La strategia vincente per la riduzione dell’eccesso ponderale è rappresentato dall’associazione di questi due metodi, che portano effetti più rapidi e soprattutto duraturi. Idealmente la riduzione del grasso corporeo dovrebbe essere ottenuta senza essere accompagnata da una concomitante perdita di proteine, acqua, minerali e vitamine. Diete molto drastiche possono avere effetti catabolici, incidendo sulla massa magra, in particolare sulla massa muscolare, portando un abbassamento del metabolismo basale, quindi una riduzione della capacità di bruciare calorie. Questo effetto può essere ridotto associando alla dieta l’esercizio fisico. Studi sperimentali dimostrano che i soggetti sedentari, con l’incremento del livello di attività fisica, presentano una diminuzione dell’appetito. Esiste infatti una soglia di attività fisica al di sotto della quale l’appetito non si correla con il grado di esercizio, mentre al di sopra di questa soglia, l’appetito sembra ricorrelarsi (aumentando la spesa energetica in maniera significativa, aumenta il fabbisogno energetico).

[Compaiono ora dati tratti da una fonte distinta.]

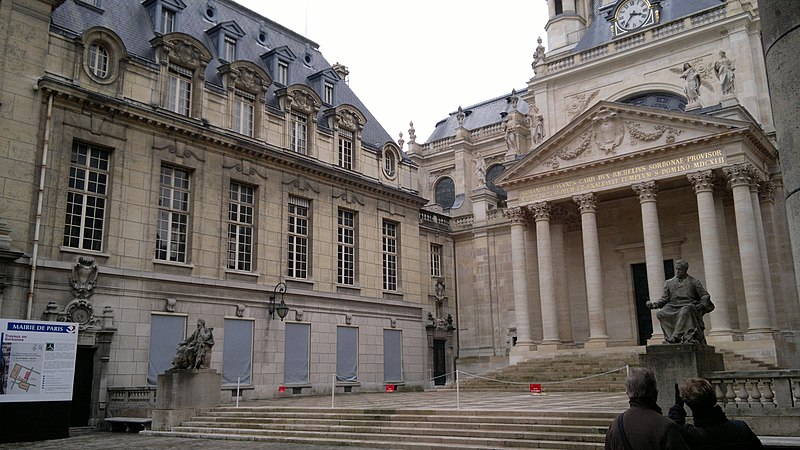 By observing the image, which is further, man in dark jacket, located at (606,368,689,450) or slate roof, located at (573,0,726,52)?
slate roof, located at (573,0,726,52)

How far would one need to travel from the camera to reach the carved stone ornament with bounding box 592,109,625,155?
1157 inches

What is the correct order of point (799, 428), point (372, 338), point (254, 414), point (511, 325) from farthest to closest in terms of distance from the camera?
1. point (511, 325)
2. point (372, 338)
3. point (254, 414)
4. point (799, 428)

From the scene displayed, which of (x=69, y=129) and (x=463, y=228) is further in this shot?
(x=463, y=228)

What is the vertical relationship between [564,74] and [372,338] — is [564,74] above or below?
above

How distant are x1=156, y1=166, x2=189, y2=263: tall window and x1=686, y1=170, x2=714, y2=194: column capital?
20.3 meters

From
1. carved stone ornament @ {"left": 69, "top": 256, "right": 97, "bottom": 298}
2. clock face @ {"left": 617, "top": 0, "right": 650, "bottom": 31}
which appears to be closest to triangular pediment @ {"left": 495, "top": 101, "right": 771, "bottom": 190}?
clock face @ {"left": 617, "top": 0, "right": 650, "bottom": 31}

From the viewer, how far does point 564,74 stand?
37.1 metres

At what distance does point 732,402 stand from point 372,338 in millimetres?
19842

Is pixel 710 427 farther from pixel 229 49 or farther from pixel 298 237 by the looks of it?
pixel 229 49

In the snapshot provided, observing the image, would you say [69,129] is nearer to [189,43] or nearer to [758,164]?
[189,43]

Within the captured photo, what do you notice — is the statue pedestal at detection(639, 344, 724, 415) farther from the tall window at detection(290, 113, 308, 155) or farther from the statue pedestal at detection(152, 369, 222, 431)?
the tall window at detection(290, 113, 308, 155)

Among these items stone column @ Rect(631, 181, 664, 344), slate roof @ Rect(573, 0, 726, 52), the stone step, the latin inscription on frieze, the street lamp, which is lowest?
the stone step

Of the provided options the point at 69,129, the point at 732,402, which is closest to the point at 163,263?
the point at 69,129

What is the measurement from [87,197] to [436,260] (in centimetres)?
2056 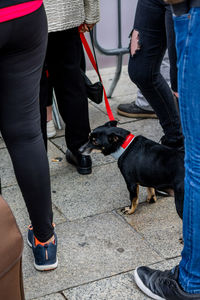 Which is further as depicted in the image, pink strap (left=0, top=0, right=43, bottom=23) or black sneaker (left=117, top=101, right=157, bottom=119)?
black sneaker (left=117, top=101, right=157, bottom=119)

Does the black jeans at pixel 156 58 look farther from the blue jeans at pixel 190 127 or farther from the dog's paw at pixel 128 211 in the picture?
the blue jeans at pixel 190 127

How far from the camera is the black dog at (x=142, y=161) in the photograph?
10.6 ft

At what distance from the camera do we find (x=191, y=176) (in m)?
2.29

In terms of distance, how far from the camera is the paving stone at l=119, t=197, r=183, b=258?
311cm

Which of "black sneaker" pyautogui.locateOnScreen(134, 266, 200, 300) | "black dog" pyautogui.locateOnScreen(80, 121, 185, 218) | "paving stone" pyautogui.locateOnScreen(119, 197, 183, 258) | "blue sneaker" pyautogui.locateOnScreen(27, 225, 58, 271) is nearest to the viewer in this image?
"black sneaker" pyautogui.locateOnScreen(134, 266, 200, 300)

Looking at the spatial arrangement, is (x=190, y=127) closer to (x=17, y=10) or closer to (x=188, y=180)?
(x=188, y=180)

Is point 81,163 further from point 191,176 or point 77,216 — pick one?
point 191,176

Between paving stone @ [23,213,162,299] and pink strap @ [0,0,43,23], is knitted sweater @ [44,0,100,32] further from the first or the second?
paving stone @ [23,213,162,299]

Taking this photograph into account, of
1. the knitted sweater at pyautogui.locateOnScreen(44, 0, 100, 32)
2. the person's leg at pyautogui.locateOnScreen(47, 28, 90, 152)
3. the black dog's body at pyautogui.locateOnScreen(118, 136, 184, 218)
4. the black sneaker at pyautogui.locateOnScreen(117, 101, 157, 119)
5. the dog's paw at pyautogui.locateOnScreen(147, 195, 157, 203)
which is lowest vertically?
the black sneaker at pyautogui.locateOnScreen(117, 101, 157, 119)

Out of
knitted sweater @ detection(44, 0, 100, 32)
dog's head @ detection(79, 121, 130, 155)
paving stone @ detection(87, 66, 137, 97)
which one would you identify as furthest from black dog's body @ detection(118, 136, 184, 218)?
paving stone @ detection(87, 66, 137, 97)

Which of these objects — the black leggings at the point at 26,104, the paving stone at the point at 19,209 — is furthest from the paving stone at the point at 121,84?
the black leggings at the point at 26,104

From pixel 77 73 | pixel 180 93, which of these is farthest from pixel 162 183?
pixel 180 93

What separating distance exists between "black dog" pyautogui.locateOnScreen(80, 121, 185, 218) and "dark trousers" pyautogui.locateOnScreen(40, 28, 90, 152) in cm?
20

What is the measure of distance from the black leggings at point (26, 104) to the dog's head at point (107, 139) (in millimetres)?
917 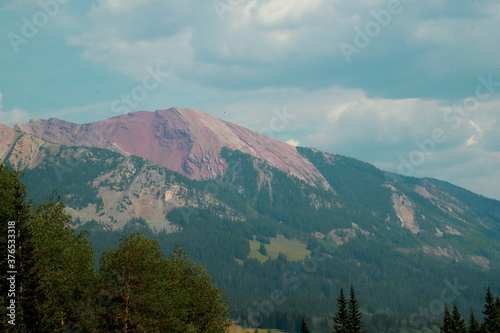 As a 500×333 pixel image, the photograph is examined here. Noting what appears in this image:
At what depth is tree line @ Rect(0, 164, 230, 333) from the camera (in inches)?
1921

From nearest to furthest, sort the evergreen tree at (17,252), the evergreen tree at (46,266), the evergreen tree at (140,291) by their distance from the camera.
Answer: the evergreen tree at (17,252), the evergreen tree at (46,266), the evergreen tree at (140,291)

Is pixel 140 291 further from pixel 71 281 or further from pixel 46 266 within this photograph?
pixel 46 266

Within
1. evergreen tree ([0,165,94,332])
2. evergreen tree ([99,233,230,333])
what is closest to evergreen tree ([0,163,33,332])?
evergreen tree ([0,165,94,332])

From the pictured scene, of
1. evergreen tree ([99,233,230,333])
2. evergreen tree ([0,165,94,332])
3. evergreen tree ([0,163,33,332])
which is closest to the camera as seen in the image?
evergreen tree ([0,163,33,332])

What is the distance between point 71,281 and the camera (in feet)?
191

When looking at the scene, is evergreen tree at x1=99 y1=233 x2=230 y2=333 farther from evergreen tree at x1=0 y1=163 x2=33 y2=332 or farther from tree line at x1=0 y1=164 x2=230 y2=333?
evergreen tree at x1=0 y1=163 x2=33 y2=332

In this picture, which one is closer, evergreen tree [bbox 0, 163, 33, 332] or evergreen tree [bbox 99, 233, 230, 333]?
evergreen tree [bbox 0, 163, 33, 332]

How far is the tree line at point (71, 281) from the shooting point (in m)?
48.8

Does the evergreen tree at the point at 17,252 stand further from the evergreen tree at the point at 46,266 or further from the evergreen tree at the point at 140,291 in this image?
the evergreen tree at the point at 140,291

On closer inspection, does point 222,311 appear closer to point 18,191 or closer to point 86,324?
point 86,324

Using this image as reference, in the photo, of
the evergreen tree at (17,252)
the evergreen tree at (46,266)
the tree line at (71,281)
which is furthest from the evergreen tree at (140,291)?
the evergreen tree at (17,252)

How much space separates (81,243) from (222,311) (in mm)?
22121

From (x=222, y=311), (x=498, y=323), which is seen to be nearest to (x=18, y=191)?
(x=222, y=311)

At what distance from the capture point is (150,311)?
58.8 meters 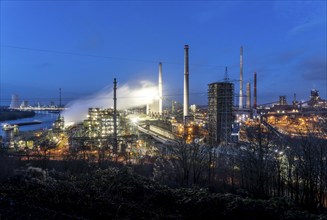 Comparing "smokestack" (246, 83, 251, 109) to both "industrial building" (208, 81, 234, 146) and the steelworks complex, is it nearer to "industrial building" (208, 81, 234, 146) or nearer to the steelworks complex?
the steelworks complex

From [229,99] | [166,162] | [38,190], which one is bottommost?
[166,162]

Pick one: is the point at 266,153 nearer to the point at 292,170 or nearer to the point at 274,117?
the point at 292,170

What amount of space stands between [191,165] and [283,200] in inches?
139

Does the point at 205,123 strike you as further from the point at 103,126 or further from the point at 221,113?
the point at 103,126

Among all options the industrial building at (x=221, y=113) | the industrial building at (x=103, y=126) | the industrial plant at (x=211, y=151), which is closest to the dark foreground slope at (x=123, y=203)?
the industrial plant at (x=211, y=151)

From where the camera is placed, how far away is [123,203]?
312 cm

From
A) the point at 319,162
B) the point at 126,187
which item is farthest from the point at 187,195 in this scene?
the point at 319,162

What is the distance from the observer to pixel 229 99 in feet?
48.3

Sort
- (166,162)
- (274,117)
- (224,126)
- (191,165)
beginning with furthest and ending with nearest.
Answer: (274,117) → (224,126) → (166,162) → (191,165)

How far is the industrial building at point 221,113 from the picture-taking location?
47.0ft

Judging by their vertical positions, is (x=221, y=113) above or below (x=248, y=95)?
below

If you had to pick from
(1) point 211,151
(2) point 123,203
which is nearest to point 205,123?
(1) point 211,151

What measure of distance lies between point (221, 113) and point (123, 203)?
11981 millimetres

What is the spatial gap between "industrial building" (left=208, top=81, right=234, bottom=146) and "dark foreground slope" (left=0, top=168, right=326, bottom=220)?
10.8m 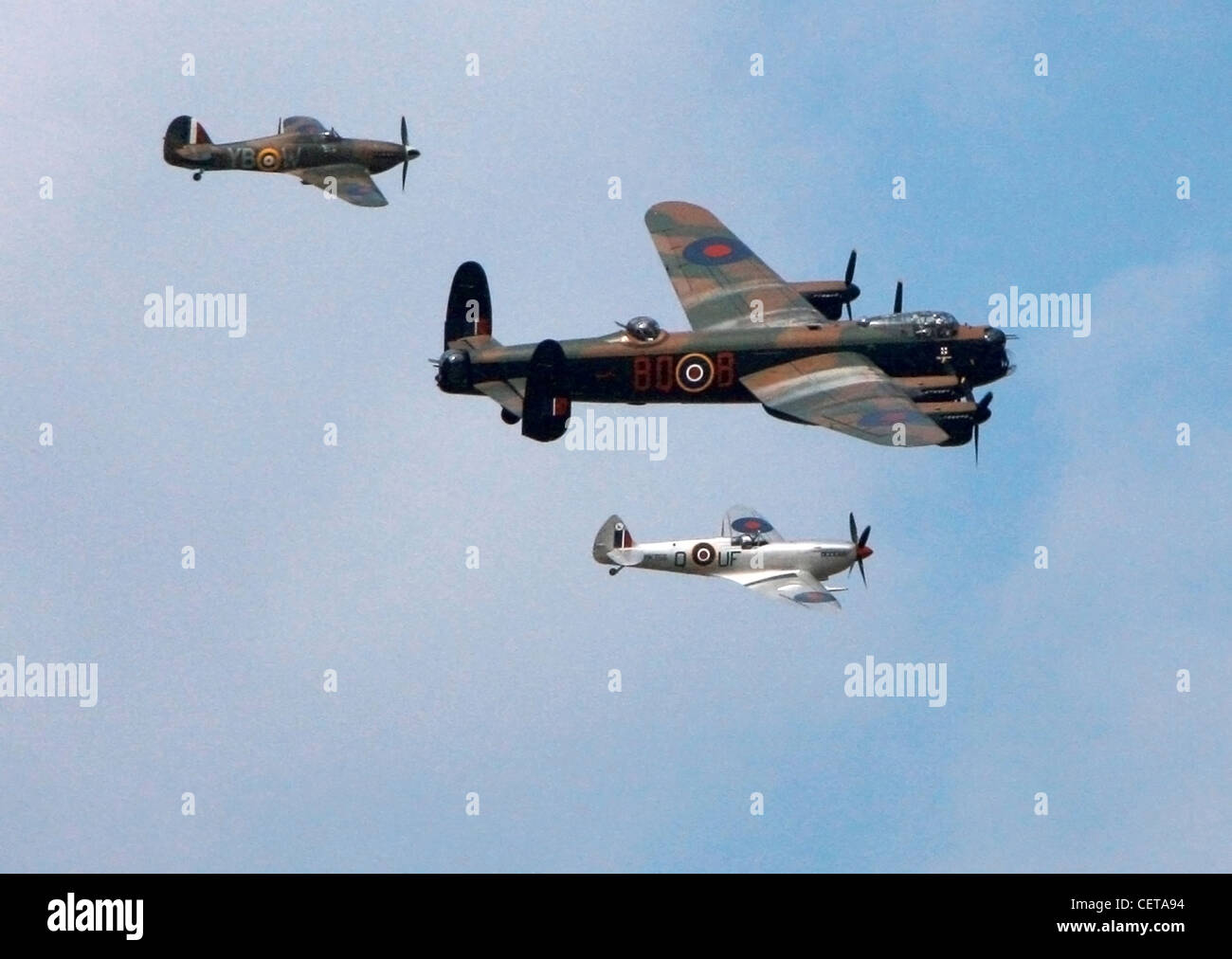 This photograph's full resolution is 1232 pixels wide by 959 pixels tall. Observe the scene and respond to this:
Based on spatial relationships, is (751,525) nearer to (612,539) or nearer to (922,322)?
(612,539)

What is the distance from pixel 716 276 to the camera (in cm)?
7844

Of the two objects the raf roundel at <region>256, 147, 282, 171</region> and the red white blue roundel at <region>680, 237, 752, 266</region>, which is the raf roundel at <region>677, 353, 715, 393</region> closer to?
the red white blue roundel at <region>680, 237, 752, 266</region>

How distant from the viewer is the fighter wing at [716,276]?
75.8m

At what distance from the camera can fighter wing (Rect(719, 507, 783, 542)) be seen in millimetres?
71562

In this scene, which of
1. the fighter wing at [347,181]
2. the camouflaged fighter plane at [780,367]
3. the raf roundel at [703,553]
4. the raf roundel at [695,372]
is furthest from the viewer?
the fighter wing at [347,181]

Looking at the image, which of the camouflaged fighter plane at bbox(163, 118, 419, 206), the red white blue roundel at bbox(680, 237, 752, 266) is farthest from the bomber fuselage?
the camouflaged fighter plane at bbox(163, 118, 419, 206)

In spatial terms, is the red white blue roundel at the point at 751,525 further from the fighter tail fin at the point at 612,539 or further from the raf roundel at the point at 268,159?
the raf roundel at the point at 268,159

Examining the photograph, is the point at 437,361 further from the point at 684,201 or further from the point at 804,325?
the point at 684,201

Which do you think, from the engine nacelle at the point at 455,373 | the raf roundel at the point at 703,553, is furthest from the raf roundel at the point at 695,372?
the engine nacelle at the point at 455,373

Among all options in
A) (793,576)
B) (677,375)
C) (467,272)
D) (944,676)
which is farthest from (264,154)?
(944,676)

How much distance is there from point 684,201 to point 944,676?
854 inches

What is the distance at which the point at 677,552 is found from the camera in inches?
2798

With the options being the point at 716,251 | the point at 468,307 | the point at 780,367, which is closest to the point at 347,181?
the point at 468,307

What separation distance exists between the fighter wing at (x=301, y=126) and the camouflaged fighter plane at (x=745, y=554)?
14.9 metres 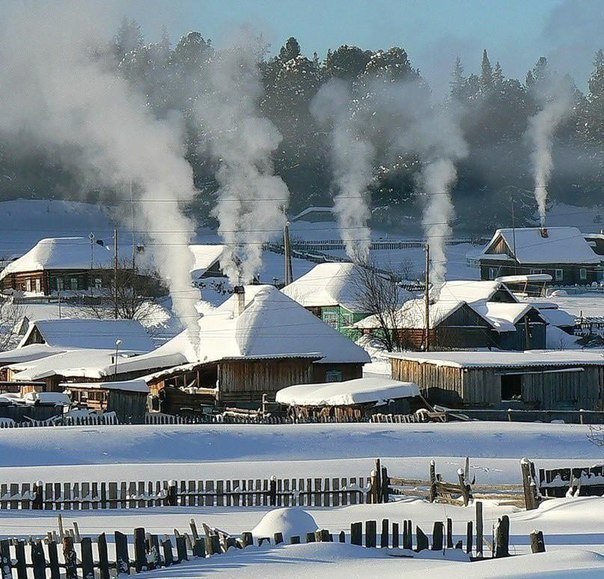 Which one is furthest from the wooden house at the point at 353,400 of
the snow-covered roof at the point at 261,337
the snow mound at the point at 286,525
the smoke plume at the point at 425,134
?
the smoke plume at the point at 425,134

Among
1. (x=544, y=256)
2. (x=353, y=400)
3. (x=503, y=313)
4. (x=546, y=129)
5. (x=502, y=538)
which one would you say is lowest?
(x=502, y=538)

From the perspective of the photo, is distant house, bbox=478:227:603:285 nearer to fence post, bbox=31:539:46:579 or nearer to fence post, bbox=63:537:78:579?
fence post, bbox=63:537:78:579

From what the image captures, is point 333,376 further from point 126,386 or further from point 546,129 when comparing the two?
point 546,129

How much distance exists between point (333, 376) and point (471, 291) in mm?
25339

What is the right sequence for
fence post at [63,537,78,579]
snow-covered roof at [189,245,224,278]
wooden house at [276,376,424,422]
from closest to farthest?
fence post at [63,537,78,579]
wooden house at [276,376,424,422]
snow-covered roof at [189,245,224,278]

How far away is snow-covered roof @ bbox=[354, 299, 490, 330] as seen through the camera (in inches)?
2346

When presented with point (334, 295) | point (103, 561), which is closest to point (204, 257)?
point (334, 295)

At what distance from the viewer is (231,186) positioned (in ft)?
225


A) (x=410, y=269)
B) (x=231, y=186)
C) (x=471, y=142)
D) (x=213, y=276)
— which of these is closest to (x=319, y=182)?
(x=471, y=142)

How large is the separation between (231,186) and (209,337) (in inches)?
1029

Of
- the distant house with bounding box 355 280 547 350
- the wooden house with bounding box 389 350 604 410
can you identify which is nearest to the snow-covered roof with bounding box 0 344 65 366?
the distant house with bounding box 355 280 547 350

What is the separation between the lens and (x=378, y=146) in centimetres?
11319

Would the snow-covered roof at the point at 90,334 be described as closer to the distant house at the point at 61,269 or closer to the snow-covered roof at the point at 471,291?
the snow-covered roof at the point at 471,291

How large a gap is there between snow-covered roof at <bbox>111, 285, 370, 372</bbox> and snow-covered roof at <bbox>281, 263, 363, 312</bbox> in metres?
21.4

Il costo dell’esercizio fisico per gli obesi

Di fondamentale importanza è capire quali sono i problemi che comporta lo stato di obesità nell’attività fisica. Andando ad analizzare come reagiscono all’esercizio fisico, emerge che il rendimento dei soggetti obesi è nettamente inferiore a quello dei coetanei magri, causa di ciò è il più elevato costo metabolico dell’esercizio, conseguente al trasporto di una massa corporea maggiore. Durante l’esercizio fisico lavorano con percentuali più alte di frequenza cardiaca massima ed anche la pressione arteriosa è eccessivamente elevata rispetto ai magri di pari età, questo per le maggiori resistenze periferiche da vincere. Gli obesi sono sottoposti ad un aumentato stress articolare soprattutto a carico degli arti inferiori, presentano delle masse muscolari non adeguate, rese meno toniche dalla minore propensione al movimento ed hanno un maggiore consumo di ossigeno. A questi si aggiungono i problemi dovuti alla ridotta stimolazione del sistema nervoso, che si evidenziano nella deficitaria coordinazione, nella minore capacità di risoluzione dei compiti motori e nella rallentata capacità di apprendimento motorio

L’importanza dell’esercizio fisico nella cura dell’obesità

L’esercizio fisico praticato razionalmente, in maniera programmata e con continuità, oltre alla perdita dell’eccesso ponderale, apporta nel tempo degli adattamenti fisiologici molto importanti nella terapia dell’obesità. Tutti i tessuti, organi e sistemi si adattano agli stimoli esterni, ma con tempi diversi gli uni dagli altri. Gli adattamenti più immediati sono quelli a carico dell’apparato locomotore, con l’aumento del tono e della massa muscolare per una migliorata sintesi proteica, di seguito migliora la qualità del tessuto tendineo, c’è un aumento dell’idratazione, del collagene e della quota glicoproteica. Migliorando il metabolismo delle ossa e delle cartilagini, anche il tessuto osseo e le superfici articolari vanno incontro ad adattamenti. A livello osseo migliora il metabolismo del calcio, il che porta ad un aumento della densità ossea e della capacità di resistenza meccanica. Le articolazioni sono meglio nutrite e lubrificate dal liquido sinoviale (presente in ogni articolazione), dando luogo ad un positivo inspessimento delle cartilagini articolari. Adattamenti a più lungo termine ma di fondamentale importanza si verificano a carico dell’apparato cardiocircolatorio e respiratorio. Aumenta la capacità contrattile del muscolo cardiaco, di conseguenza aumenta la gittata cardiaca e diminuisce la frequenza cardiaca a riposo. Aumenta il trofismo dei vasi che acquisiscono maggiore elasticità, migliora la capillarizzazione quindi c’è l’aumento del sangue in periferia e soprattutto una diminuzione delle resistenze periferiche e della pressione arteriosa. Migliora la capacità respiratoria, grazie all’aumento dell’ampiezza degli atti respiratori, dovuti ad una migliorata mobilizzazione della gabbia toracica. Aumentano gli scambi gassosi al livello degli alveoli polmonari, aumenta la capacità di trasporto dell’ossigeno nel sangue e la capacità di cederlo in periferia agli organi.